Secondly, the question before us is not whether appellee owes money;  that issue will ultimately have to be determined on the merits between the proper parties.2  The issue here is simply a question of who has legal authority to sue appellee to require payment of the life insurance proceeds.   If owed, is the life insurance money to be paid to the designated beneficiaries or does appellant, a co-debtor on the purchase contract, have legal authority to sue for the policy proceeds in her individual capacity?   Generally, the insured's estate may sue or be sued only in the name of the estate's legal representative.   See Price v. Estate of Anderson, 522 S.W.2d 690, 691 (Tex.1975).   Since appellant was not designated as a beneficiary on the insurance form, and has not shown that she represents the beneficiary estate, I believe she has not shown her legal authority to sue under the life insurance policy.

When it appears a plaintiff lacks legal authority to sue, I believe the appropriate procedure is to abate the case and afford the plaintiff an opportunity to amend her pleadings.   See Lighthouse Church of Cloverleaf v. Texas Bank, 889 S.W.2d 595, 600 (Tex.App.-Houston [14th Dist.] 1994, writ denied);  see also Meisler v. Bankers Capital Corp., 668 S.W.2d 828, 830 (Tex.App.-Houston [14th Dist.] 1984, no writ).3  I therefore believe the trial court erred in granting a take-nothing summary judgment.   I would reverse and remand with instructions to abate the lawsuit so that plaintiff will have the opportunity to amend her pleadings to show her legal authority, if any, to sue.   If she cannot make such a showing after being given a reasonable time to do so, the case should be dismissed without prejudice.

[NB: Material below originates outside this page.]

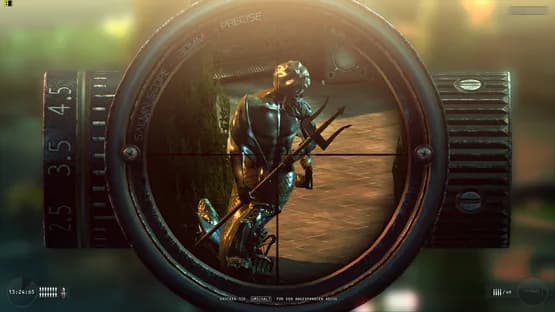 Hitman: Sniper Challenge — Screenshoty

1.   The last name of appellant's father is spelled “Calligan” and “Colligan” on various pleadings and documents throughout the record.   Certain documents signed by appellant's father do not aid in determining which spelling is correct as the letter in question could be read as either an “a” or an “o.” Because documents signed by him contain the typewritten spelling of his name as “Colligan,” we will use this spelling in the opinion unless we are quoting from a pleading or other document containing the alternate spelling.

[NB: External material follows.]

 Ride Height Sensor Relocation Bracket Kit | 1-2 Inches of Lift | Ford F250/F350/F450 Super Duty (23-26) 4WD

1.   An affirmative defense is “one of confession and avoidance.”   Texas Beef Cattle Co. v. Green, 921 S.W.2d 203, 212 (Tex.1996).   A sworn denial of plaintiff's legal capacity is not a confession of anything, but rather is a denial.   I believe legal capacity is better viewed as an element of the plaintiff's case that is presumed unless a verified denial is filed.   The verified denial places the burden on plaintiff to prove her legal authority to sue.   I respectfully disagree with the majority's labeling the denial as an affirmative defense, and also with those courts that have assigned the same label to the verified denial of legal capacity.   See First Southern Trust Co. v. Szczepanik, 880 S.W.2d 10, 15 (Tex.App.-Dallas 1993), rev'd on other grounds, 883 S.W.2d 648 (Tex.1994) (referring to legal capacity as affirmative defense);  Martin v. First Republic Bank, Fort Worth, N.S., 799 S.W.2d 482, 488 (Tex.App.-Fort Worth 1990, writ denied) (calling lack of capacity an affirmative defense).

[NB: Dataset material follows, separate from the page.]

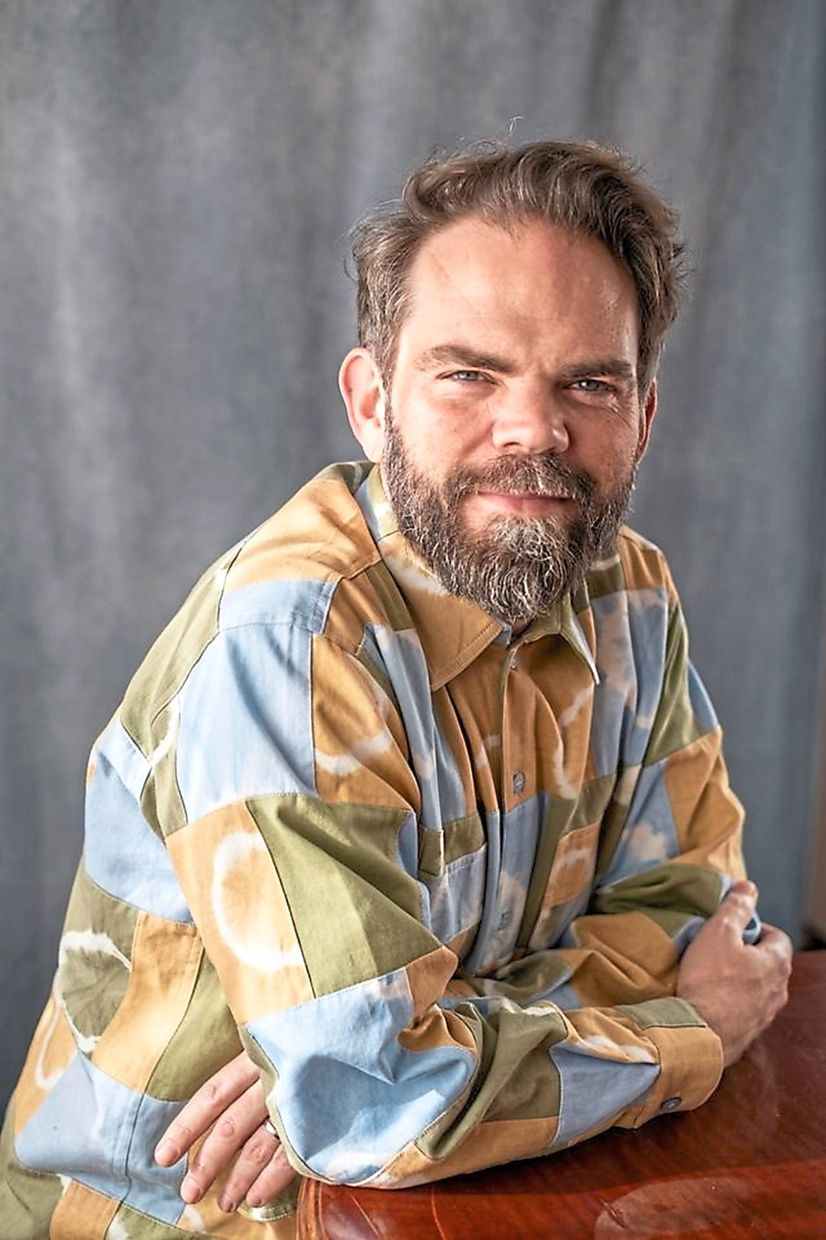 ‘This is what dads have always done: protect, provide for, and preside over our families. But along the way, the once-solid foundations of fatherhood have begun to shift,’ says Maguire. Photo: dpa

2.   My working assumption is that a temporary policy was in effect at the time of the insured's death;  the insurance application form indicates an “effective date” prior to the death.

3.   But in Coastal Liquids, 46 S.W.3d 880, the Texas Supreme Court dealt with a capacity to sue issue presented to the trial court by summary judgment.   The Court however did not appear to address directly the generally appropriate procedural vehicle for determining the issue of legal capacity to sue.

WALKER, Chief Justice.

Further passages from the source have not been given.